Considering it’s Valentine’s Day week there’s been no shortage of rom-coms playing on TV. And, yes I’ve watched most of them because I am a rom-com connoisseur. Right now I want to discuss Freeform’s newest rom-com The Thing About Harry and all the wonderful amazing things about it.
The Thing About Harry is about Sam, a young gay man, who has to spend a dreaded nine-hour car ride with his high school enemy, Harry, as they drive home from college for their friend’s engagement party.
Now, when I originally heard the logline of this film I was intrigued; however, I was also a bit concerned. How could an 85-minute movie stay contained in a nine-hour road trip and stay interesting? Well, thankfully it didn’t have to.
See, the road trip was just the catalyst for the rest of the film. A brilliant choice made by the film’s writers Peter Paige and Joshua Senter.
So what happens?
Well, Sam (Jake Borelli) tells Harry (Niko Terho) to meet him at his car at 7 am sharp so they can make the trip back home. Of course, Harry is late because “that’s the thing about Harry” and well, Sam is a bit annoyed. Harry spends the first half of their journey telling Sam about how his girlfriend of 3 months has dumbed him because he forgot their anniversary. This escalates and eventually, Harry is confiding in Sam about all his past failed relationships. Sam could care less until Harry mentions that he’s also dated men.
Enter the plot twist — well, not really because it’s mentioned in the logline but that’s a technicality.
Harry informs Sam that he is pansexual. Sam is shocked by the news. So shocked in fact that he winds up swerving into on-coming traffic before crashing into the snowy shoulder of the road. The car, of course, needs to be repaired leaving Sam and Harry stranded in a motel for the night.
That night Sam and Harry open up to each other and Sam realizes that maybe he’s been too harsh on Harry. Everyone deserves the chance to grow and change from high school. Unfortunately, when they make it home Sam finds out that Harry and his girlfriend are back together and that’s the end of that … for now.
Flash forward a year and Sam runs into Harry at a party — the first of many run-ins. Things don’t exactly go well between them, the sexual tension is palpable, and they don’t end up hitting it off this time. A few months later, the two run into each other again when Sam accompanies his boyfriend to his niece’s trivia night. This time things go well and Sam and Harry begin an epic friendship.
Of course, friendships are hard when feelings are involved. While at Chicago Pride, Harry tries to tells Sam that he’s into him but things don’t exactly go as planned. In fact, the day to celebrate love turns into a complete disaster for these two. Ultimately, causing them to have a friend break up — which is admittedly harder than a relationship break up.

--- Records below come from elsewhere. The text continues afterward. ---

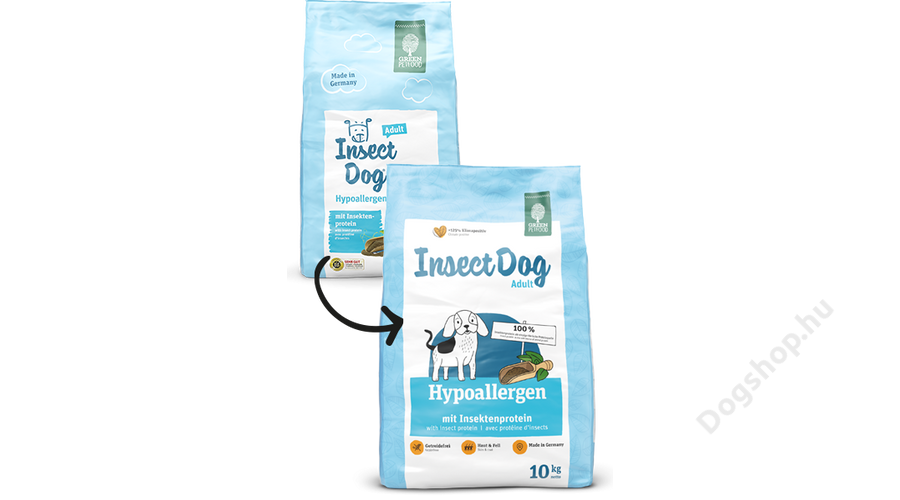 Green petfood insectdog shop hypoallergen 15 kg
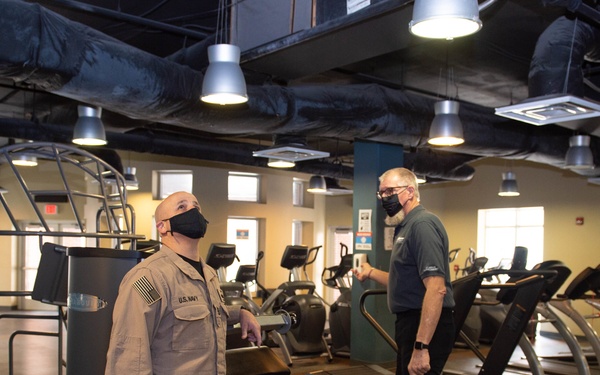 MCPON Russell Smith tours military housing at Home Port Hampton Roads Iowa Estates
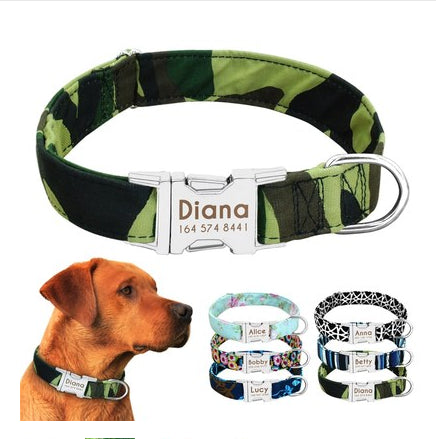 Fleur Pet Dog Customised Collar Name Tag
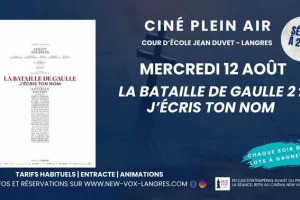 Ciné Plein Air : "La bataille De Gaulle 2 : J'écris ton nom"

But don’t worry, for once we’re getting an LGBTQ film with a happy ending — it just might take a while. And I’m not going to give it away because you need to watch it!
Got it? Good, cause now comes the fun part.
One of the things I loved about The Thing About Harry was that it absolutely nailed the tropes and situations we’ve come to expect in a rom-com but gave them a fresh twist.
The basis of the story is enemies to lovers which is seriously one of my favorite tropes of all time. The Thing About Harry does bring something new to the trope though. For starters, I don’t think Sam and Harry are ever quite enemies. Sam dislikes Harry because of the years of bullying he faced thanks to Harry and his friends but he doesn’t have an “I want to kill this man” hatred for him. On the flip side, Harry doesn’t hate Sam at all. In fact, he’s always admired Sam from afar because of Sam’s ability to be out and proud in their small town.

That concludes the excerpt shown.